Chillwave: a momentary microgenre that ushered in the age of nostalgia

Delivered... Emilie Friedlander | Scene | Wed 21 Aug 2019 11:59 am

In a summer riven by financial meltdown, a niche trend for lo-fi retro pop couldn’t have seemed more trivial. Yet it was the first sign of a generation fleeing to the past to escape a bleak future

When I think of the so-called “summer of chillwave”, I remember sitting at a desk in a giant office in midtown Manhattan, shivering in the air conditioning and listening to songs about the beach. It was June 2009 – the summer after the sub-prime mortgage collapse had precipitated what was then the largest single-day point drop in Dow Jones history – and I was a recent graduate, working an entry-level temp job in the library of a corporate law firm. Whenever I wasn’t helping summer associates (or secretly updating my music blog), I was listening to Sun Was High (So Was I), a shoddily recorded love song full of fried guitar chords and easy-breezy rhymes by a little-known Los Angeles rock band called Best Coast fronted by stoner Bethany Cosentino. At a time when I couldn’t stop worrying about the future, its apparent effortlessness was soothing, like a blurred dispatch from an endless teenage beach hang where all you have to worry about is the sand getting in your fries and your crush not returning your texts: “Watched the cars go by / The sun was high / And so was I.”

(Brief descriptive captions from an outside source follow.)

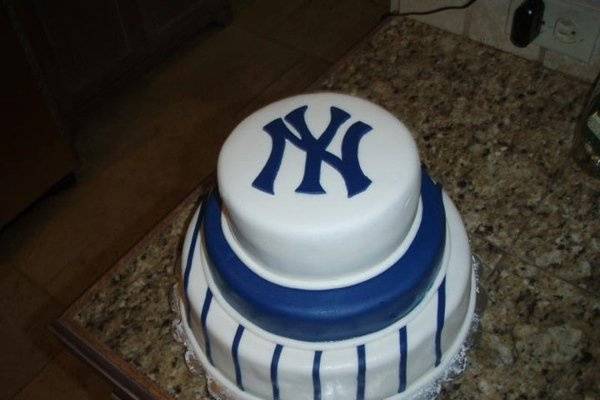 NY YANKEE CAKE  Cool birthday cakes, Birthday cakes for men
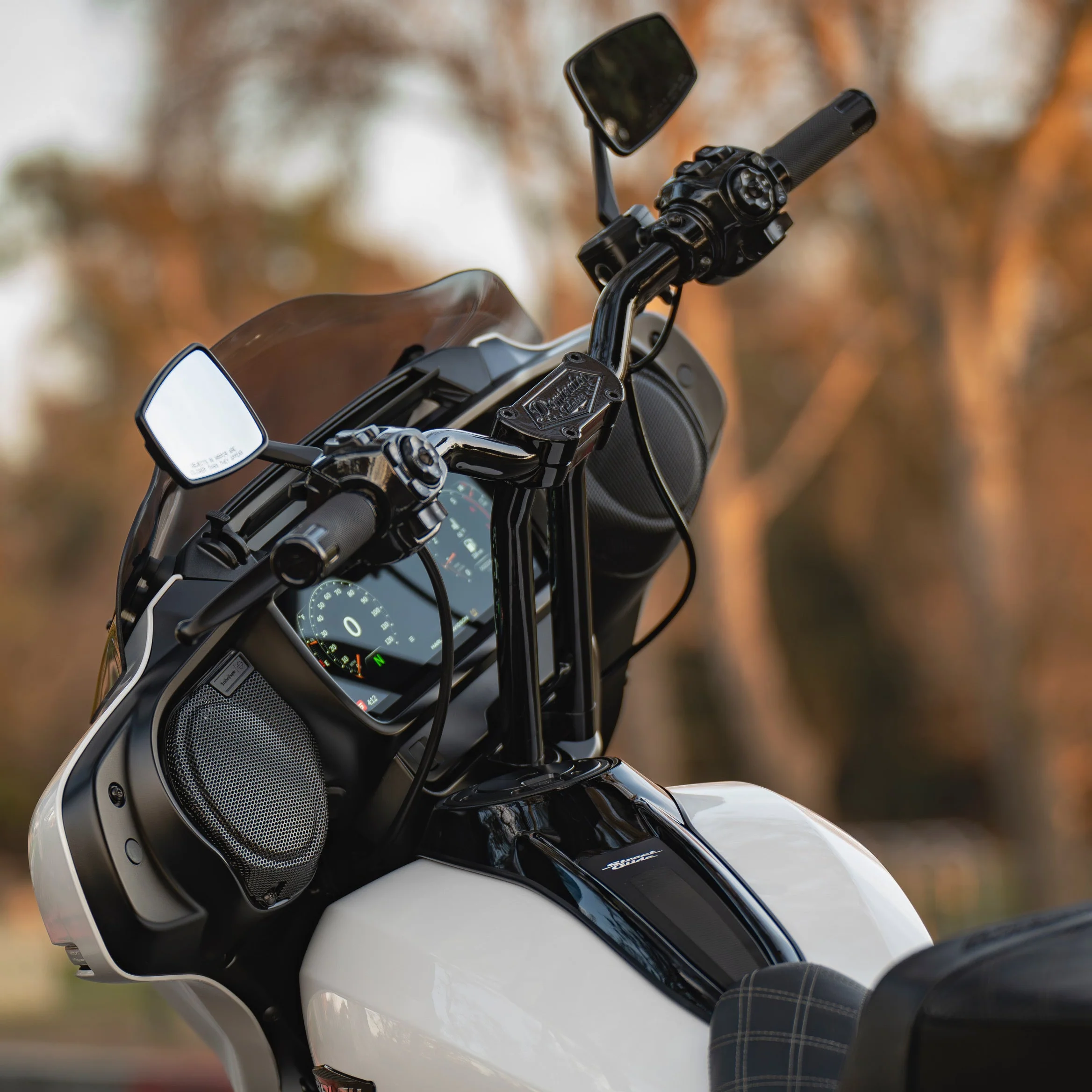 Pullback Riser & 1 1/4" Low Bend Moto Bar Combination for 2008-2013  Street Glide Models (Gloss Black) - Image 9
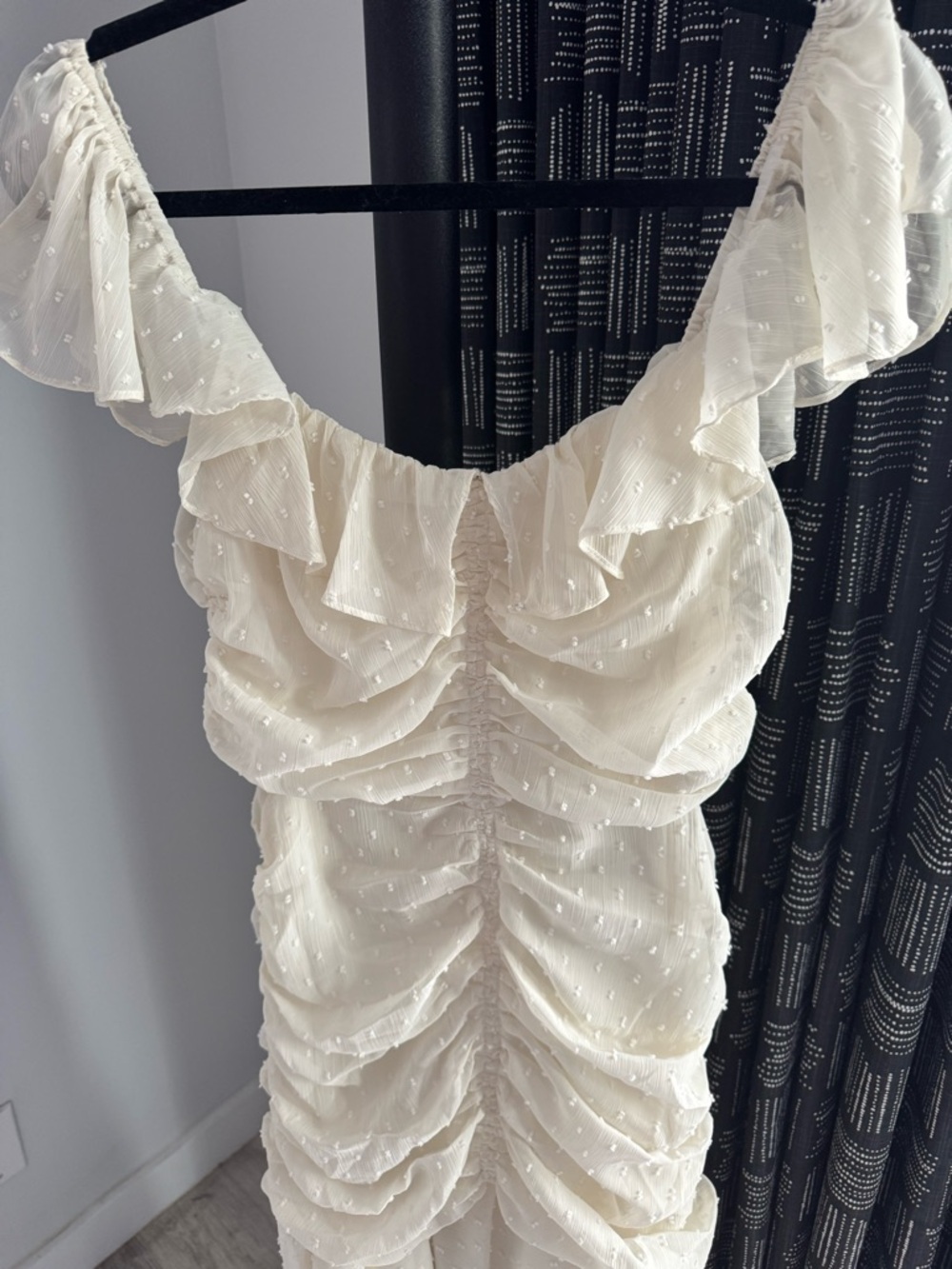 ASTR the Label Ivory White Devereaux Ruffle Ruched Flowy Mermaid Midi Dress LRG - Picture 4 of 13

It was the first song to give me that sensation. By the following month, it had a name. “Feel like I might call it ‘chill wave’ music in the future,” proclaimed the pseudonymous blogger Carles in a 27 July post on Hipster Run-Off, writing in character as the microgenre-obsessed creator of an mp3 blog that doubled as a satire of the proudly amateurish music writing bubbling up at the time. The tag described a new crop of melodic dream-pop artists such as Washed Out, Neon Indian, and Memory Cassette – artists that on paper were very different from a rock group like Best Coast, with an emphasis on cheesy-sounding old synths, vintage drum machines and an expressively degraded, echo-and-reverb-laden production aesthetic. But the spirit of the music – its delirious lo-fidelity, its fondness for the obsolete formats of our youth – was the same: “Feel like chillwave is supposed to sound like something that was playing in the background of ‘an old VHS cassette that u found in ur attic from the late 80s/early 90s,’” Carles wrote.